Wow - thanks! Good info to have!
So, it looks like my camera would record HD 720p at about 3MB/sec (which I guess is why you need at least a class 4 card).

The cost of a Kingston 16gb SDHC class 4 or class 6 is the same online. On ebay, I can get the class 6 for the same price Amazon offers the class 4. So, I guess I'll go with the class 6 Kingston card from ebay.

I've never used Kingston for SD cards (only for RAM), but I suppose they are good quality cards.


----------



## Laquer Head

PC Hobbyist said:


> Wow - thanks! Good info to have!
> So, it looks like my camera would record HD 720p at about 3MB/sec (which I guess is why you need at least a class 4 card).
> 
> The cost of a Kingston 16gb SDHC class 4 or class 6 is the same online. On ebay, I can get the class 6 for the same price Amazon offers the class 4. So, I guess I'll go with the class 6 Kingston card from ebay.
> 
> I've never used Kingston for SD cards (only for RAM), but I suppose they are good quality cards.



Yeah.,I swear by Lexar but Kingston is good and also the new SanDisks. Depending where you live, SanDisk had some great sales/rebates on 4,8 and 16's in the last few weeks. 

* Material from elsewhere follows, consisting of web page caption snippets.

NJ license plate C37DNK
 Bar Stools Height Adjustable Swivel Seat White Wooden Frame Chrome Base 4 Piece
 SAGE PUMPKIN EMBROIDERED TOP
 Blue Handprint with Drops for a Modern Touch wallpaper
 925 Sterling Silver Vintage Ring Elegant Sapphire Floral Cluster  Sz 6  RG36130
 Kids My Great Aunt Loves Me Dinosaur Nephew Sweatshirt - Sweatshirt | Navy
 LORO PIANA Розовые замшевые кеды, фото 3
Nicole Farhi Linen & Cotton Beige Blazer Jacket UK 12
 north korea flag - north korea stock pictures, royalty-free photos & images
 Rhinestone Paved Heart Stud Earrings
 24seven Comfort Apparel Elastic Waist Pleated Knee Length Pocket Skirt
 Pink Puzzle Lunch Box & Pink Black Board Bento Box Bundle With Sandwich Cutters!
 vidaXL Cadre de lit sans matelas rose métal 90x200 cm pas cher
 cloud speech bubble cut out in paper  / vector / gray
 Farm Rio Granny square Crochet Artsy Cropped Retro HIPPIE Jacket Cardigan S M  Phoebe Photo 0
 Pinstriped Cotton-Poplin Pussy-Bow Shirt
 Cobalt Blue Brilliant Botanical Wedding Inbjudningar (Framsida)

Maybe it was just in Canada?! not sure


----------



## PC Hobbyist

I live in Germany. I haven't seen any specials here on SanDisk cards. I guess I'll give the Kingston one a try. I just hope it really is a Kingston card.   I was surprised to see the price for Kingston lower than for Transcend cards. Here is the link - if you're curious.
Thanks again for your help!


----------



## Laquer Head

Nice man!! Class6 are great!

No problem, glad I could help


----------